### WORK TO BE COMPLETED
From the line that contains "Partake Brewing non-alcoholic" through the line that contains "Компонента Bz магнитного", output every line of the listing below exactly and leave out all the rest.
+--
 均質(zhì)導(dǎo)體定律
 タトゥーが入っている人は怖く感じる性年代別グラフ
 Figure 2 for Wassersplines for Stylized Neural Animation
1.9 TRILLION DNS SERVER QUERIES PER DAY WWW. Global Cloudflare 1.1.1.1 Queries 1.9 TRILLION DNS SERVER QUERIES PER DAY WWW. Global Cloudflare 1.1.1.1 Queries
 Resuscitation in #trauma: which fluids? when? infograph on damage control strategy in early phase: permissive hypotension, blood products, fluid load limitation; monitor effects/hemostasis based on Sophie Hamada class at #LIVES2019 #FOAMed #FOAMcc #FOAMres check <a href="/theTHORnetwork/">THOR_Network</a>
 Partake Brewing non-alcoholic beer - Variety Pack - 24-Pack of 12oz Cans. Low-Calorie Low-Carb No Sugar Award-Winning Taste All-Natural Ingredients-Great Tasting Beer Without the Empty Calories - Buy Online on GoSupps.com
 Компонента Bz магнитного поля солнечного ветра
+--
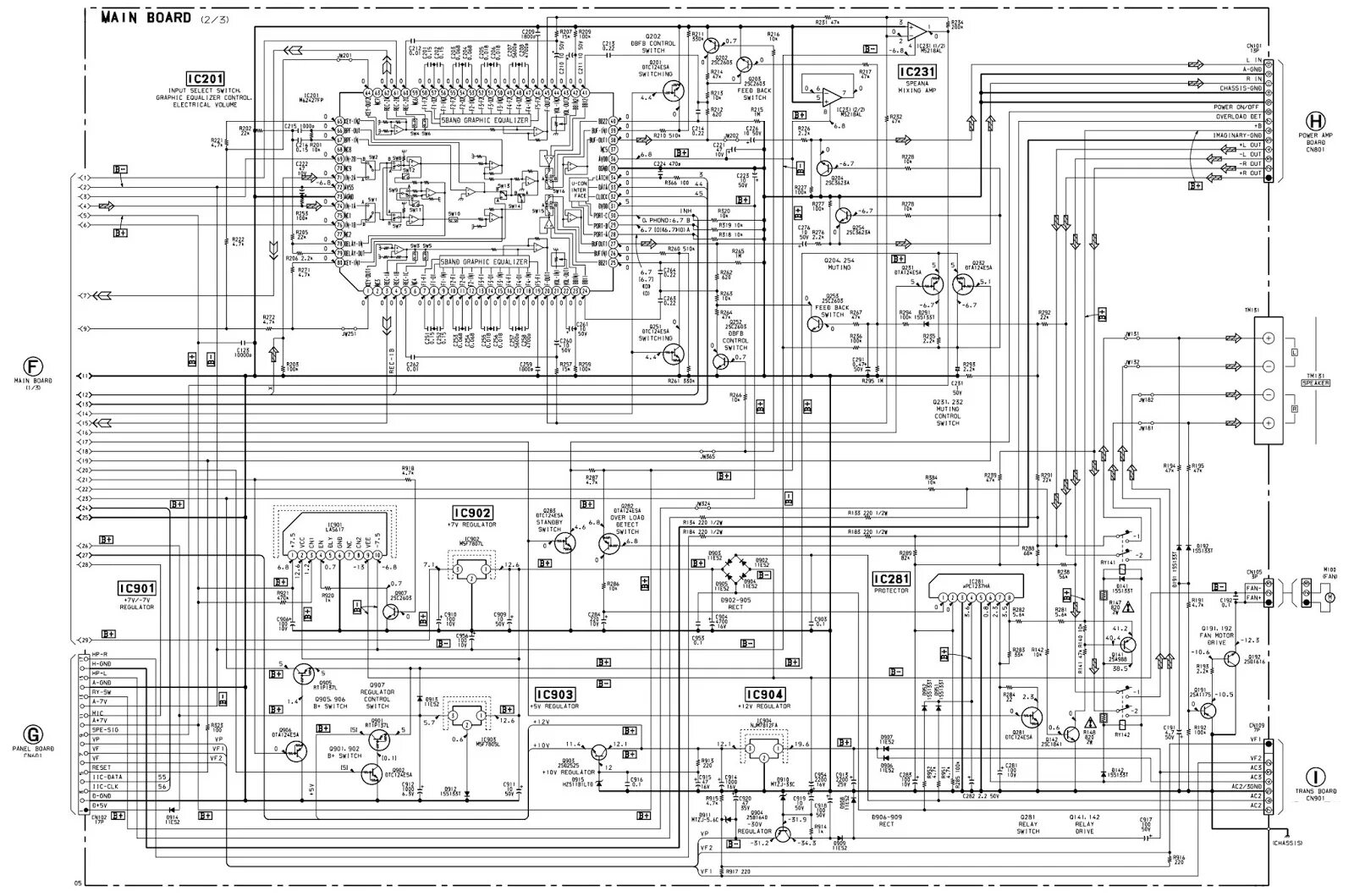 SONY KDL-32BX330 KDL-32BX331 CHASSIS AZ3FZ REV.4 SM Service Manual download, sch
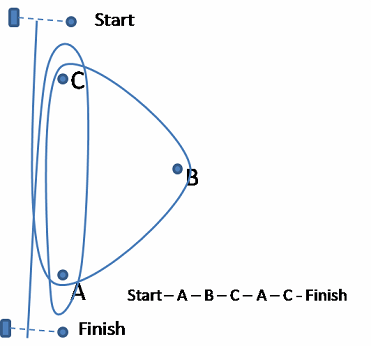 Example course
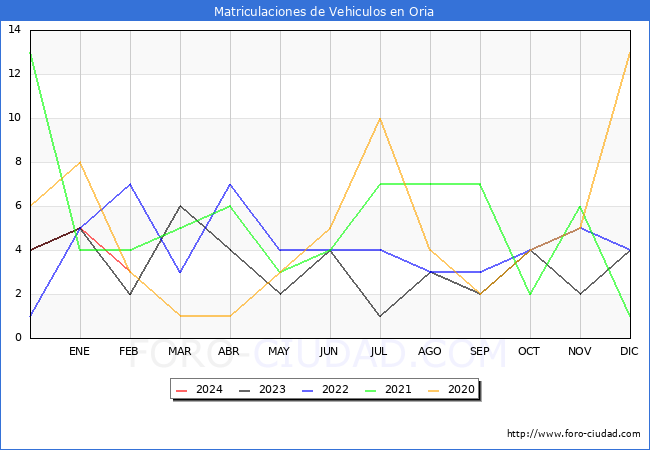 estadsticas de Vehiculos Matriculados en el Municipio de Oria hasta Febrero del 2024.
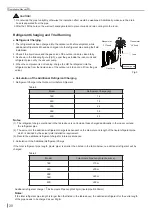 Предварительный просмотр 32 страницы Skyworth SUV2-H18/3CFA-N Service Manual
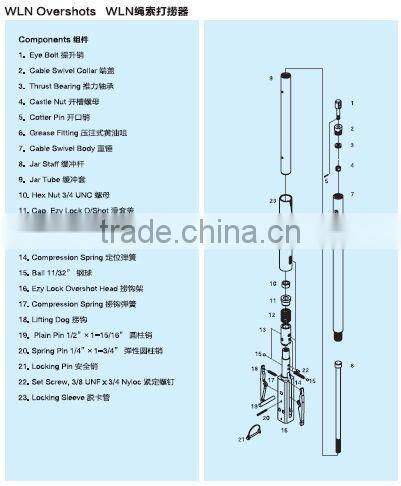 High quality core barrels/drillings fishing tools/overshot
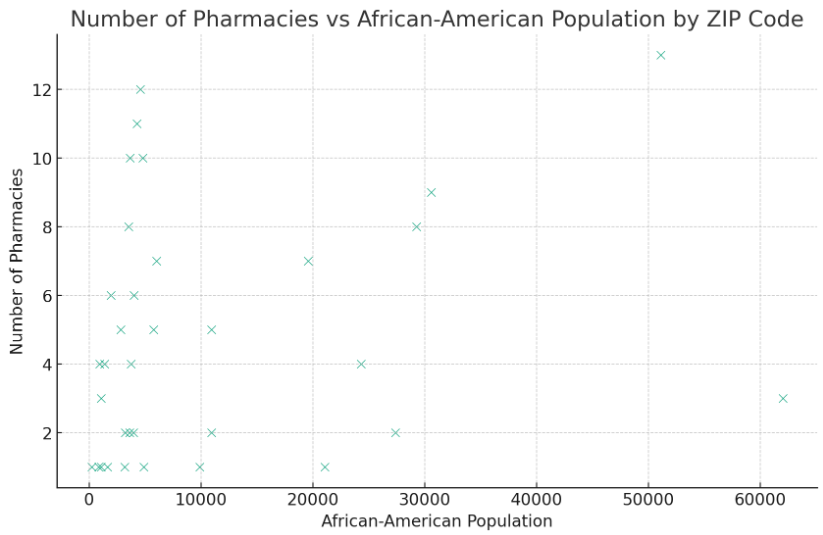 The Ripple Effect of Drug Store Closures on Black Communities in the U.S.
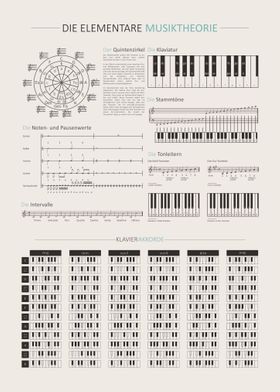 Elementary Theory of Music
+--
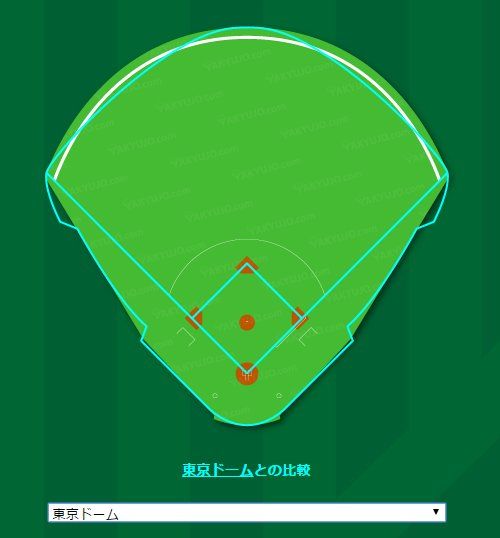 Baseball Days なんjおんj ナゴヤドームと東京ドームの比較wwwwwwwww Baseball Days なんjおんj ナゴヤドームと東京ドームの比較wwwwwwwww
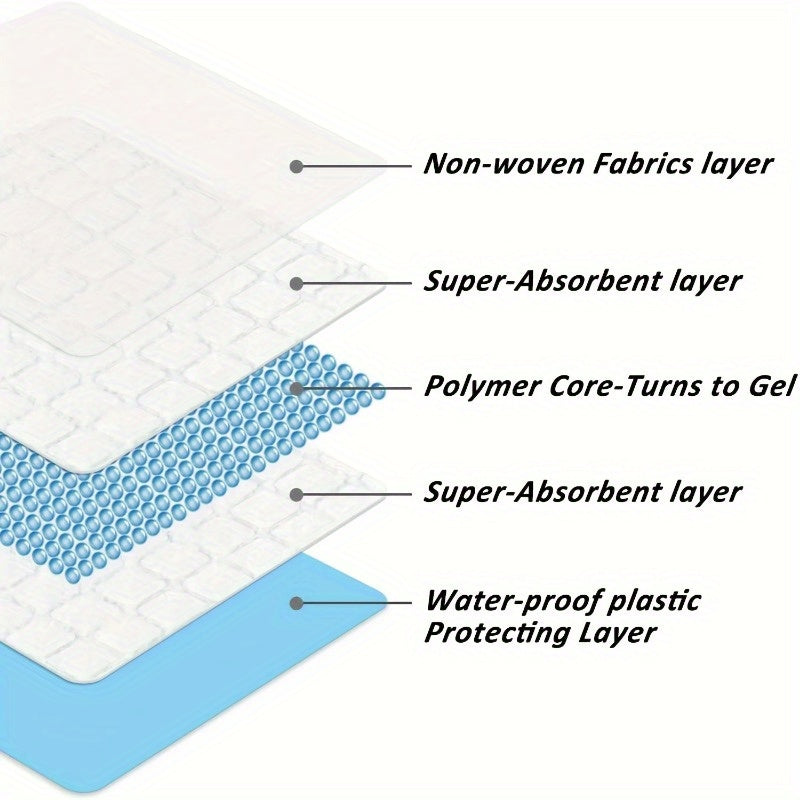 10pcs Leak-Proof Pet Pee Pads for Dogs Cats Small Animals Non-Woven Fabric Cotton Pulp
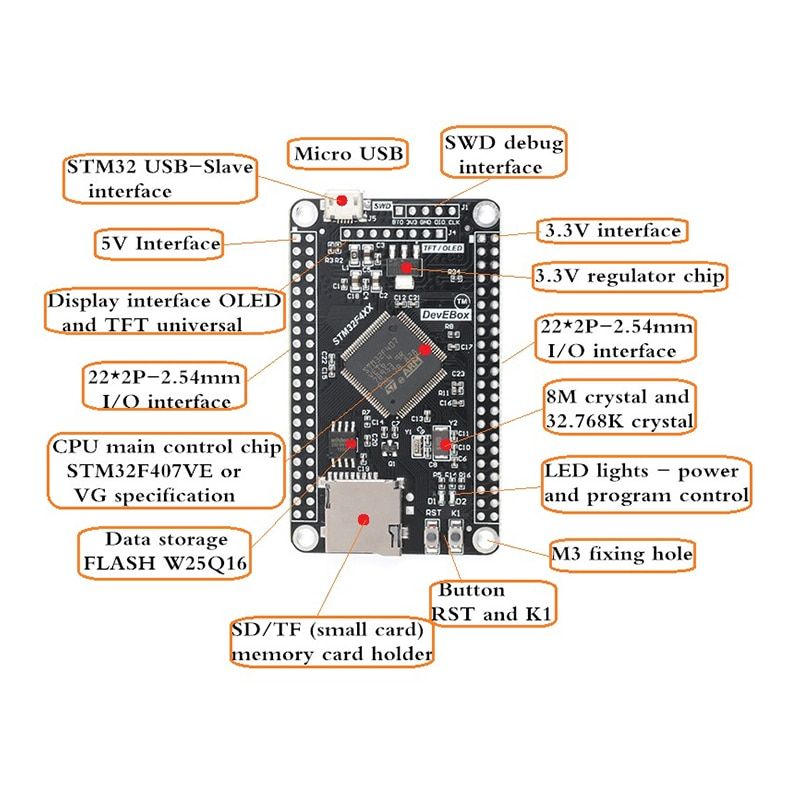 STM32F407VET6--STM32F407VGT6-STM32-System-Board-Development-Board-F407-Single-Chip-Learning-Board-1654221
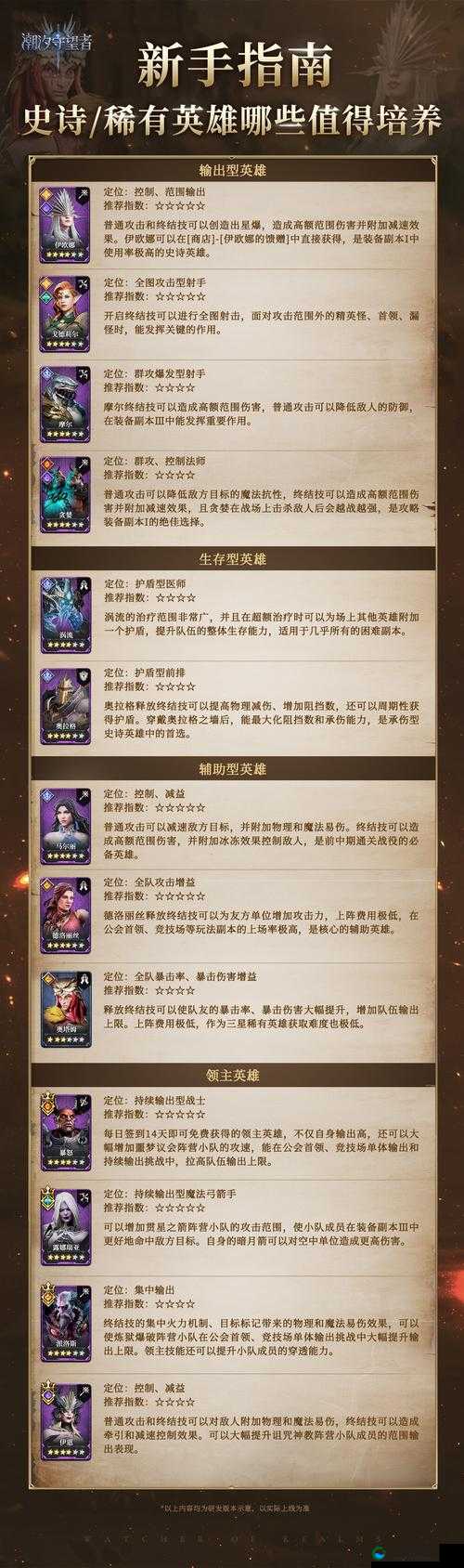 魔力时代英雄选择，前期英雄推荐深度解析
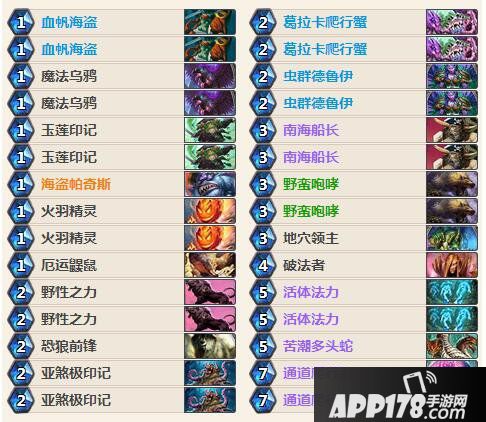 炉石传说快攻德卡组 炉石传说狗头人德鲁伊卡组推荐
+--
### RESULT OF THE TASK
 Partake Brewing non-alcoholic beer - Variety Pack - 24-Pack of 12oz Cans. Low-Calorie Low-Carb No Sugar Award-Winning Taste All-Natural Ingredients-Great Tasting Beer Without the Empty Calories - Buy Online on GoSupps.com
 Компонента Bz магнитного поля солнечного ветра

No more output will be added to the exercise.